Each entry below must come back exactly as written, without its pictures.

Caption-style text data:
● ● ● ●

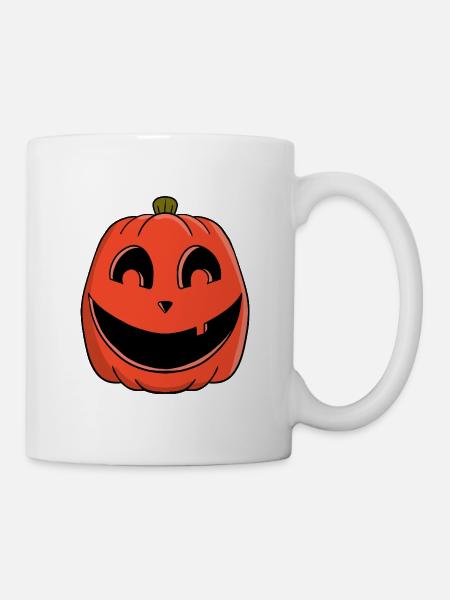 Verspieltes Kürbislächeln - Tasse - Weiß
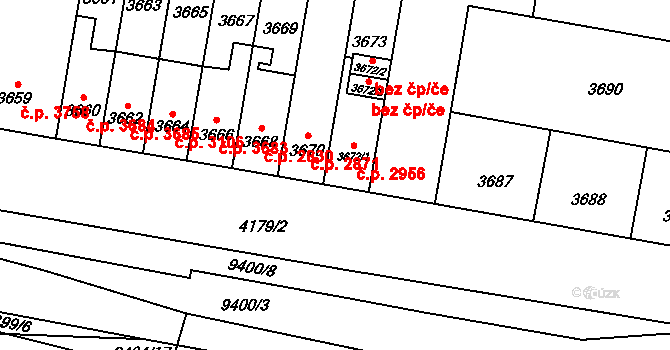 Židenice 2956, Brno na parcele st. 3672/1 v KÚ Židenice, Katastrální mapa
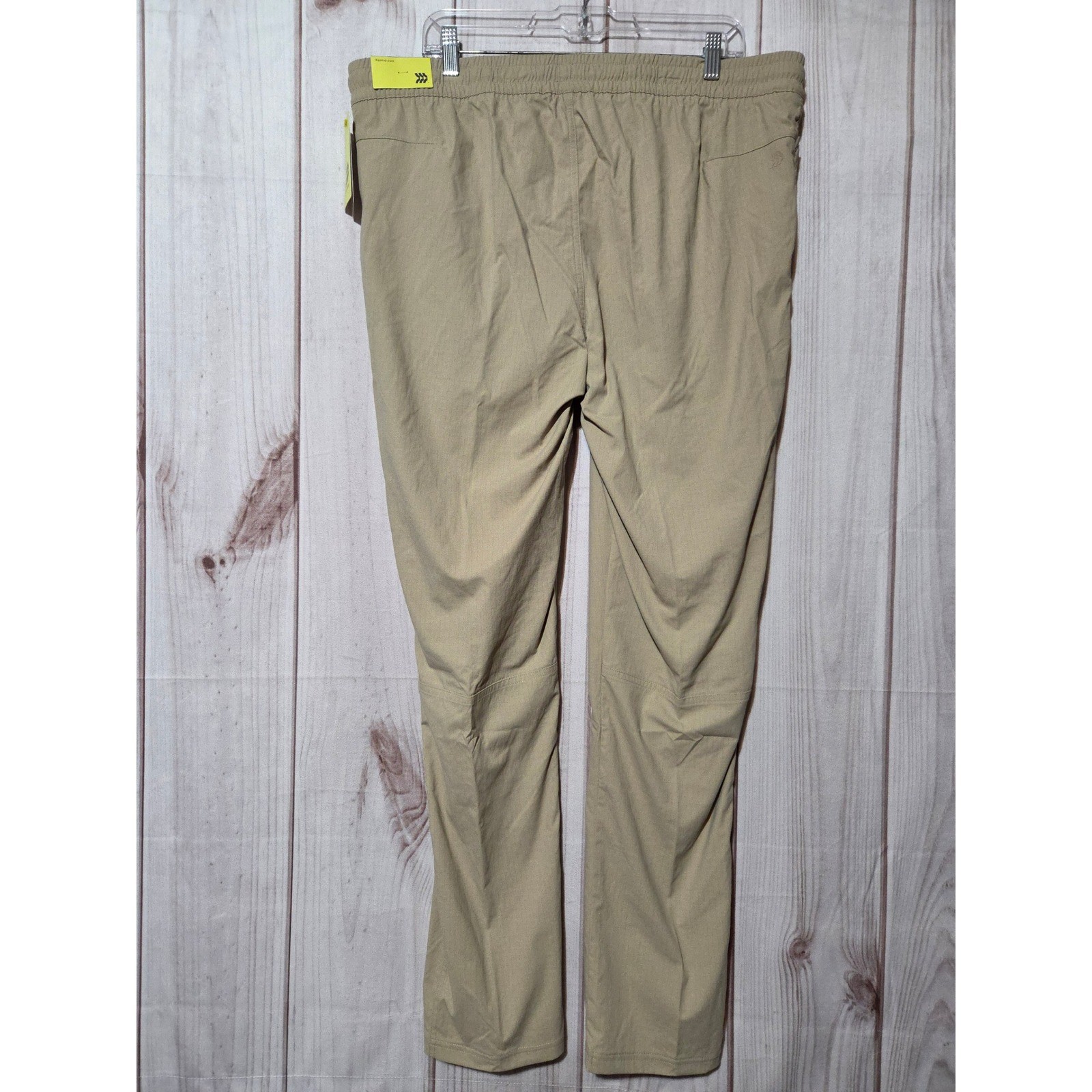All in Motion Mens Ripstop Pant Khaki Tan Stretch Quick Dry UPF 50+ Size L NEW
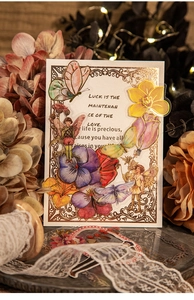 Close-up of vintage fairy and floral PVC collage card for DIY journaling decoration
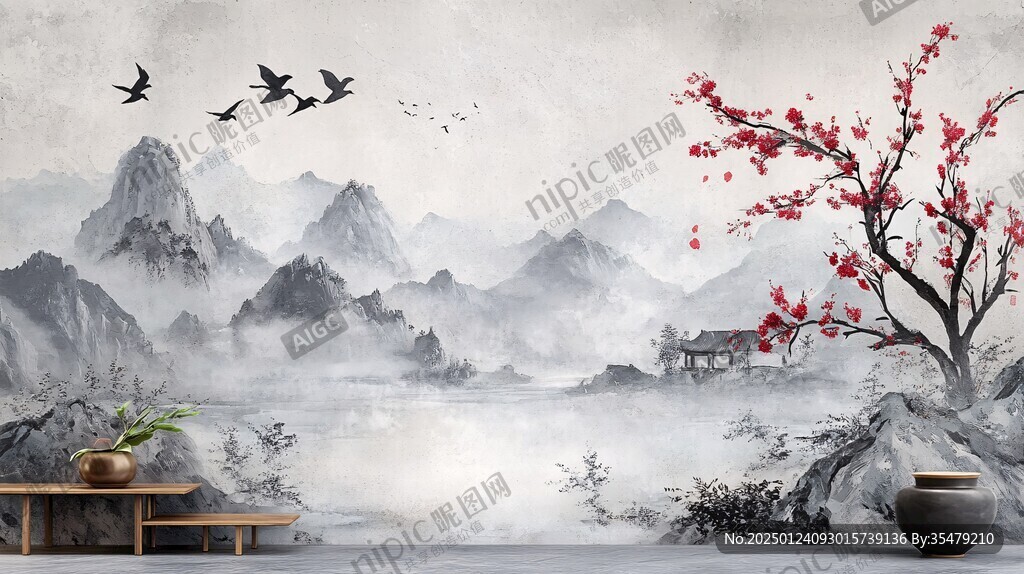古风花鸟山水背景墙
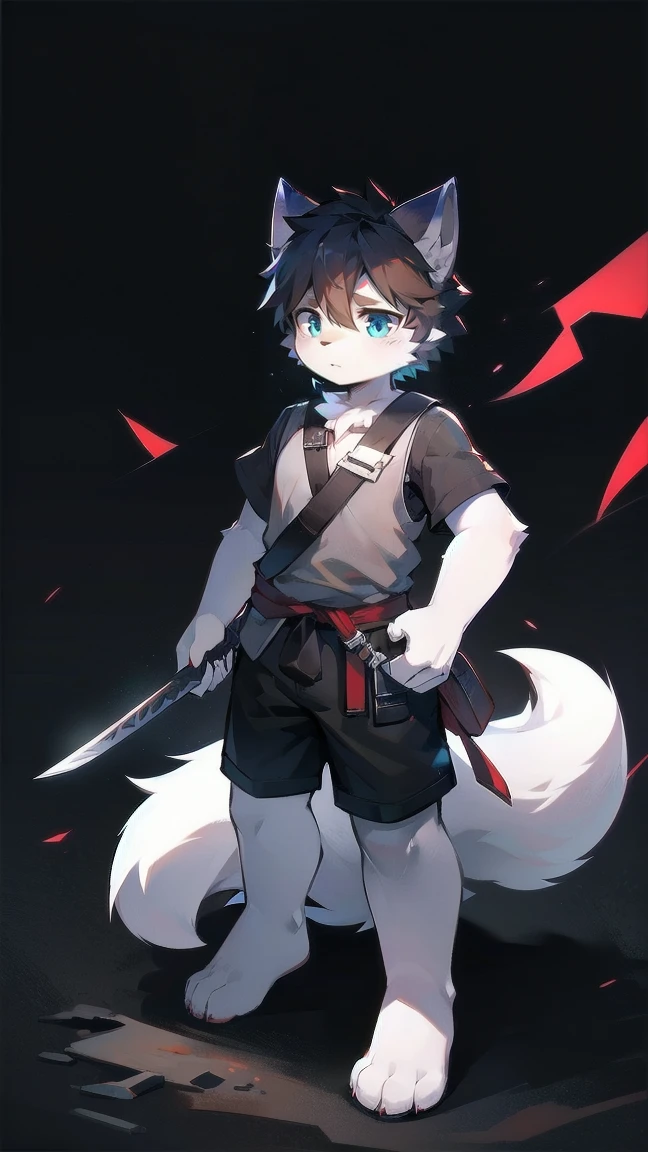 White Wolf,black hair,Sky blue eyes,hairy,Wolf ears,Wolf tail,Full body portrait,The character is in the center of the frame,Handsome,Confident eye***but,juvenile,Black and white combat uniform,Red neck bib,Black shorts,Short sleeve,hairy arms and legs,Dark background,Dark battlefield,dawn,sunrise,dawn,illumination,shadow,Swordsman,Scabbard and Hold the hilt of a in your hand,The scabbard is at the waist,Highest quality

● ● ● ●

Answer to this problem:
 Verspieltes Kürbislächeln - Tasse - Weiß
 Židenice 2956, Brno na parcele st. 3672/1 v KÚ Židenice, Katastrální mapa
All in Motion Mens Ripstop Pant Khaki Tan Stretch Quick Dry UPF 50+ Size L NEW
 Close-up of vintage fairy and floral PVC collage card for DIY journaling decoration
古风花鸟山水背景墙
 White Wolf,black hair,Sky blue eyes,hairy,Wolf ears,Wolf tail,Full body portrait,The character is in the center of the frame,Handsome,Confident eye***but,juvenile,Black and white combat uniform,Red neck bib,Black shorts,Short sleeve,hairy arms and legs,Dark background,Dark battlefield,dawn,sunrise,dawn,illumination,shadow,Swordsman,Scabbard and Hold the hilt of a in your hand,The scabbard is at the waist,Highest quality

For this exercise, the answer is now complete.